Captioned web image data

------

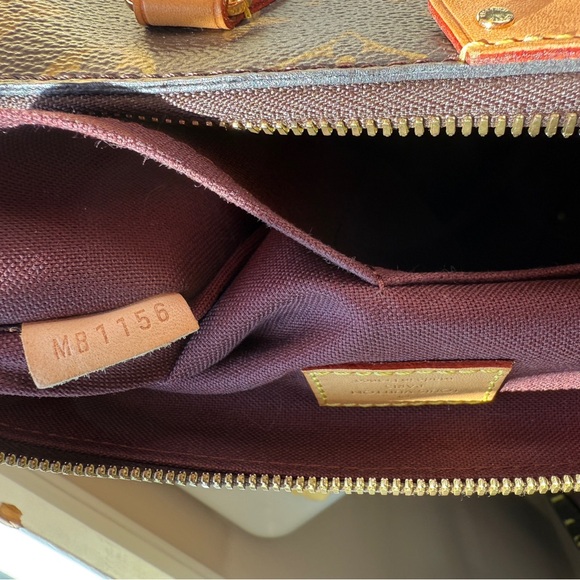 Louis Vuitton Monogram Turenne MM - Picture 10 of 15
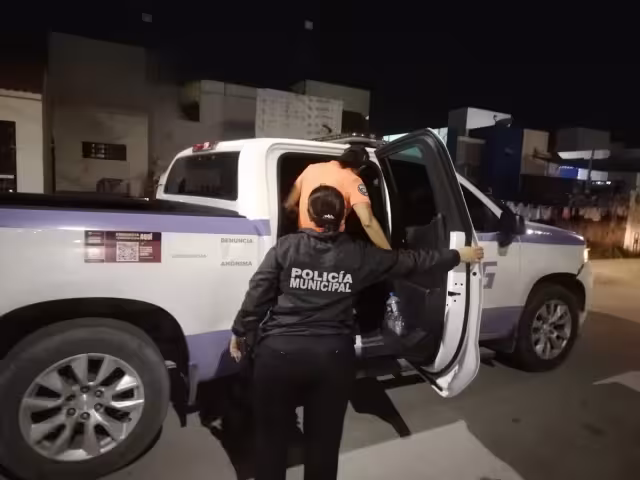 Una mujer fue detenida en el fraccionamiento Villas Lankin tras presuntamente poner en riesgo a sus hijos.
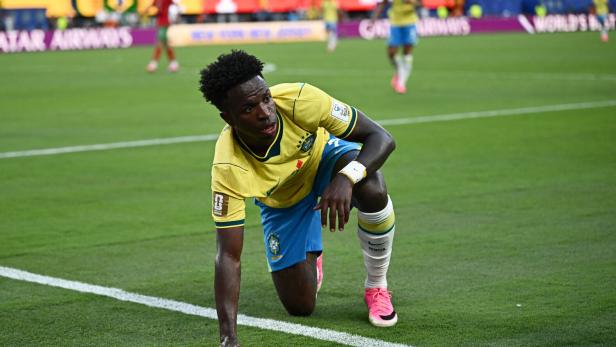 Kniefall: Vinicius Junior rettete mit dem Ausgleich der Seleção einen Punkt.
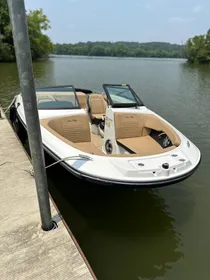 2023 Sea Ray SPX 190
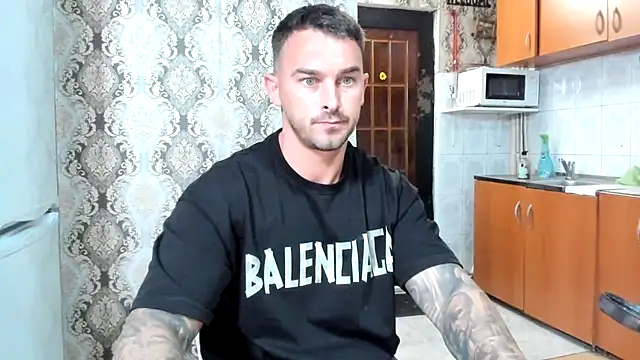 Snapshot of Jonmusclemaster chatting on July 25, 2026, 8:39 pm Jonmusclemaster online show from July 25, 2026, 8:39 pm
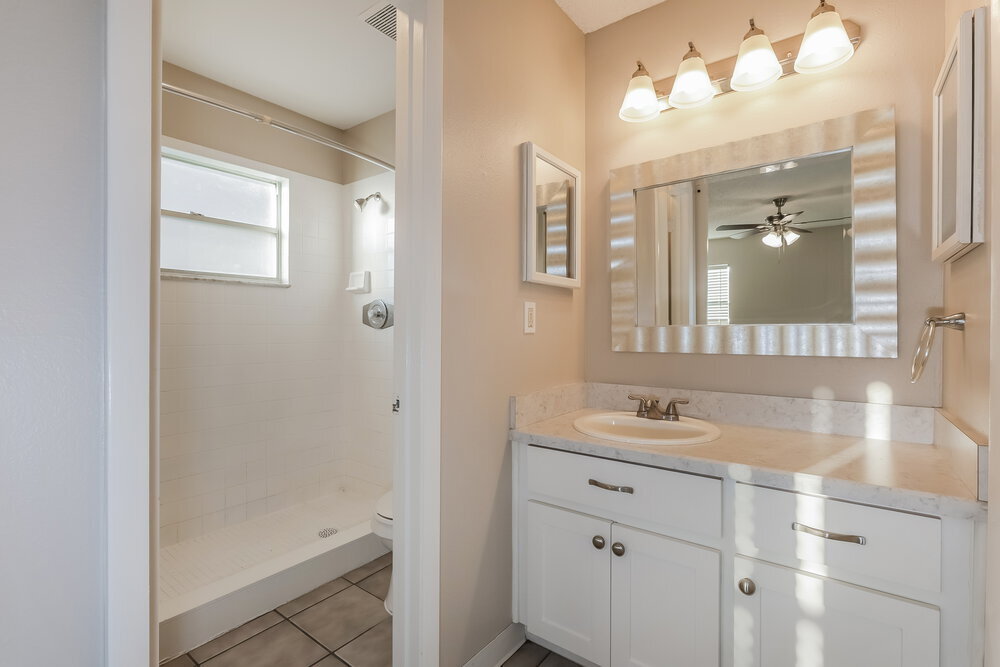 Building Photo - 227 Belfort Pl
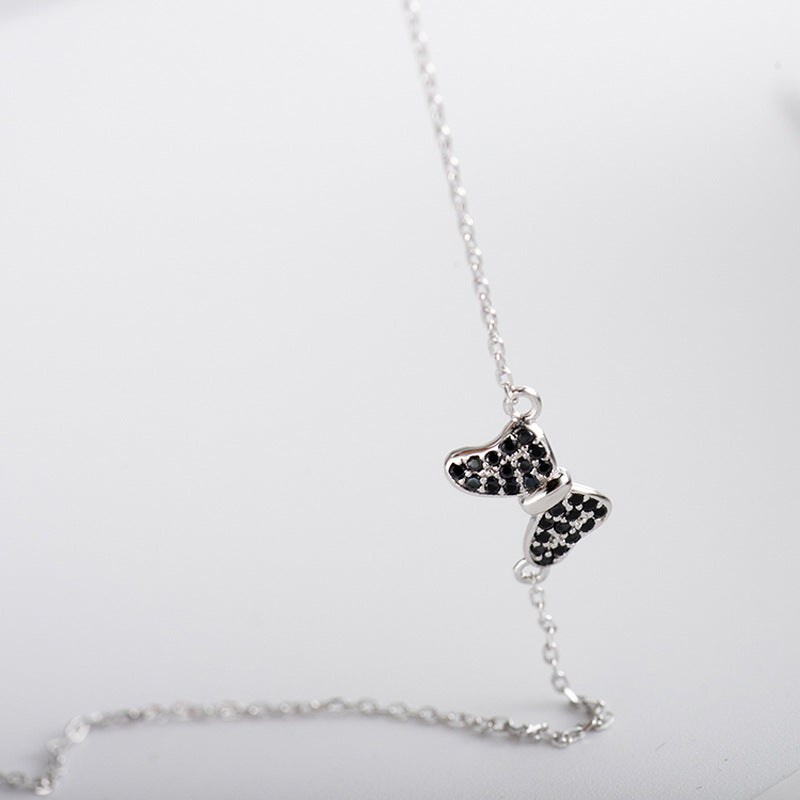 Bow Necklace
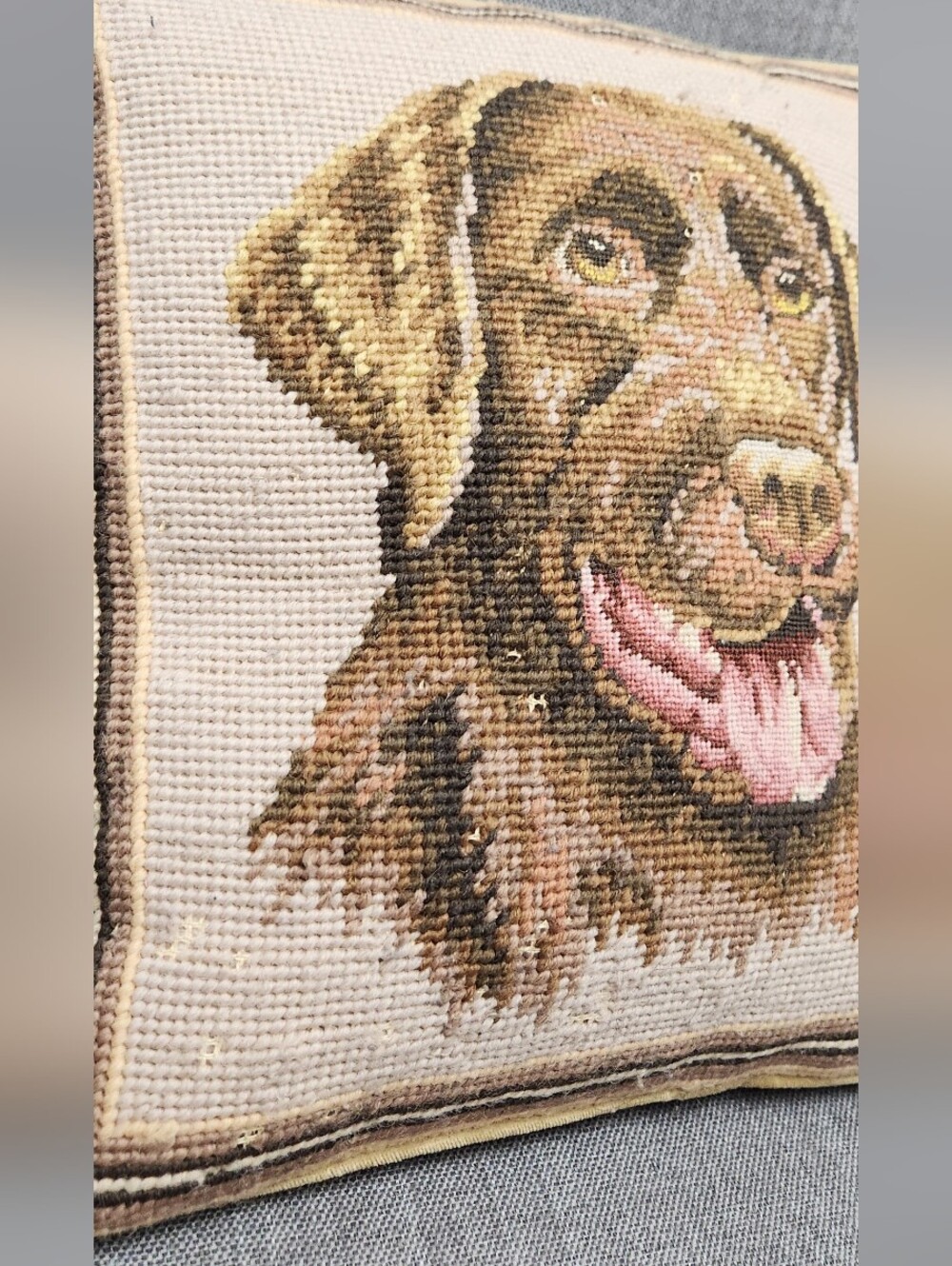 Vintage Needlepoint Labrador / Lab 10 × 10 Picture Pillow. - Picture 3 of 6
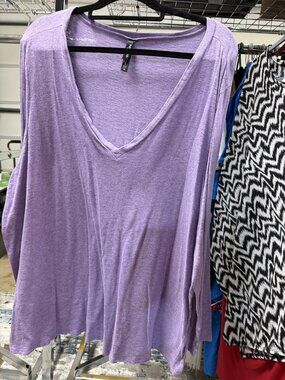 Torrid Size 4 Long Sleeve V-Neck T-Shirt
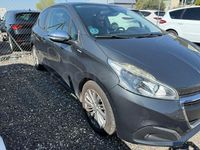 Usado Peugeot 208 Style 82 CV (60 kW) 2018 Gris / plata Utilitario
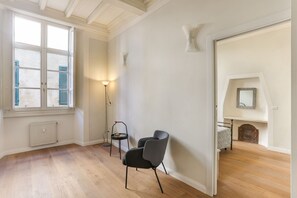 3 Schlafzimmer, Schreibtisch, Bügeleisen/Bügelbrett, WLAN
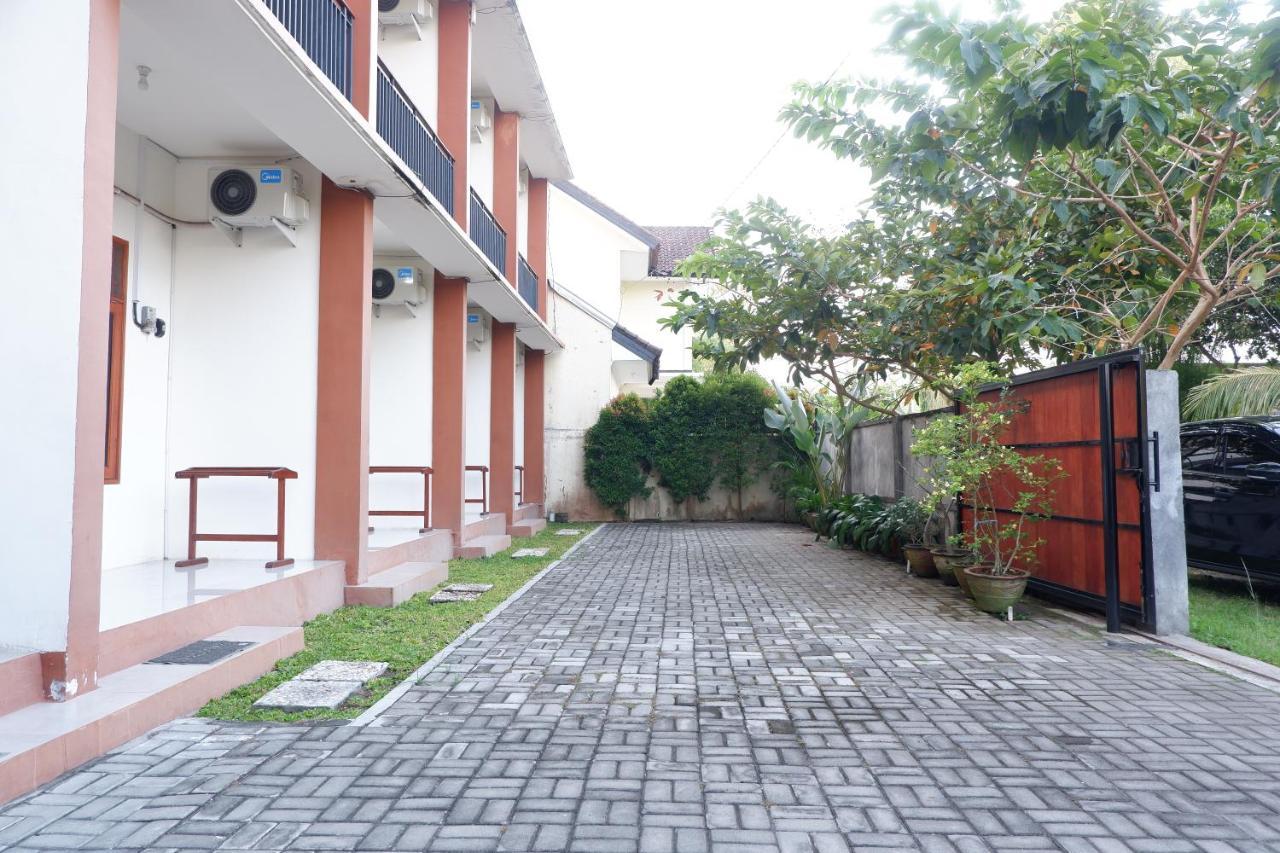 شقة Reddoorz At Bale Eja Syariah Senggigi Montongbuwoh المظهر الخارجي الصورة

------

**THE TASK**
Between and including the line with "Una mujer fue" and the line with "Usado Peugeot 208", repeat every line exactly as it appears above, with pictures left out.

**RESPONSE TO THIS TASK**
 Una mujer fue detenida en el fraccionamiento Villas Lankin tras presuntamente poner en riesgo a sus hijos.
 Kniefall: Vinicius Junior rettete mit dem Ausgleich der Seleção einen Punkt.
 2023 Sea Ray SPX 190
 Snapshot of Jonmusclemaster chatting on July 25, 2026, 8:39 pm Jonmusclemaster online show from July 25, 2026, 8:39 pm
 Building Photo - 227 Belfort Pl
 Bow Necklace
 Vintage Needlepoint Labrador / Lab 10 × 10 Picture Pillow. - Picture 3 of 6
 Torrid Size 4 Long Sleeve V-Neck T-Shirt
 Usado Peugeot 208 Style 82 CV (60 kW) 2018 Gris / plata Utilitario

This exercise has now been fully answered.